You have no way of knowing who is trying reset "Joe's" password. It could be Joe, or could be someone posing as Joe.
An alternative to sending an email is to either call one of Joe's phones with a one-time reset key or send an SMS message.
Calling Joe's phone with an audio message is easy with http://www.twilio.com/ But anyone might be able to pick up Joe's office phone. So usually you'd want an additional challenge before calling. Eg a secret question/answer. By using the phone and the secret q&a, you've made things tougher for the bad guys but still doable by Joe.
Another idea is to send the reset message to someone that Joe trusts and who knows Joe. (Send either by email or by telephone / sms.) A variant of this is to send to an employee who knows Joe, eg his assigned salesrep, HR rep, etc.
Use the post: Send a snail mail letter with the reset code in it. Would take a couple of days to get there, but theft of mail is a federal rap. See http://www.postalmethods.com/ If there are very bad possible negative outcomes, this can be a good solution.
For any of the above, Joe would enter the information when he sets up the account.
Another pattern is to require Joe to call into a help desk and let a human interrogate him.
Bottom line is that no technique is perfect. See the twitter breakin story: http://www.technewsworld.com/story/67612.html?wlc=1247790901&wlc=1248238327
Last thought: don't forget about anti-phishing. Often done by enabling Joe to choose a picture that the site will show him when doing something important. The idea is that a phishing site won't be able to replicate the UI, thus raising Joe's suspicions that he may not have arrived at the right site.

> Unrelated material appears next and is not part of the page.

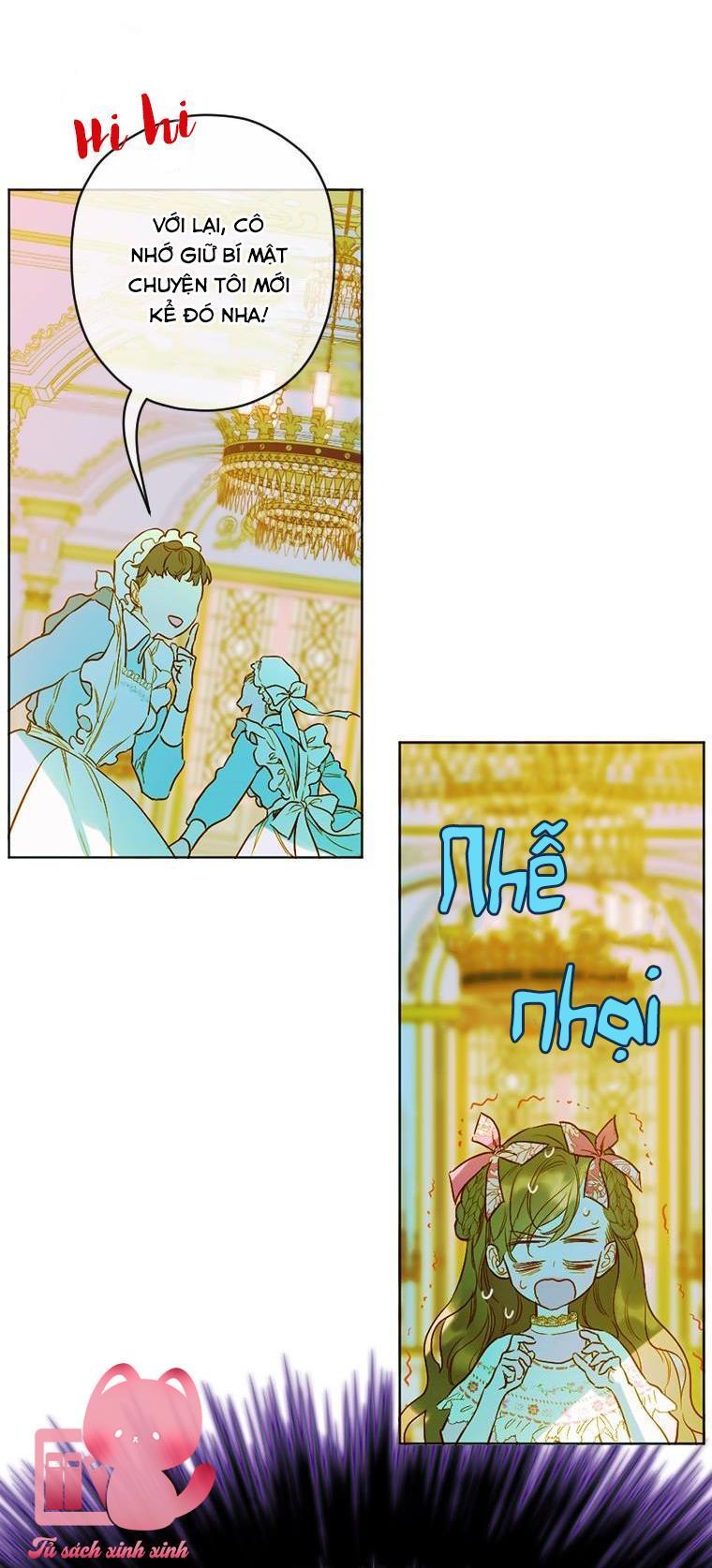 Khế Ước Hôn Nhân Của Mẹ Tôi - Chap 7 - Trang 20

Without sending an email you are limiting yourself significantly. One of the benefits of sending a password reset code, or new password to someone's email address is you can rely on the assumption that they are the only person with access to their email account.
That said, you could use a "Secret Question" scheme to allow someone to reset their password. When this person creates their account you need to capture their secret question and the answer. You would then prompt the user with this question, and only permit resets if they answer correctly.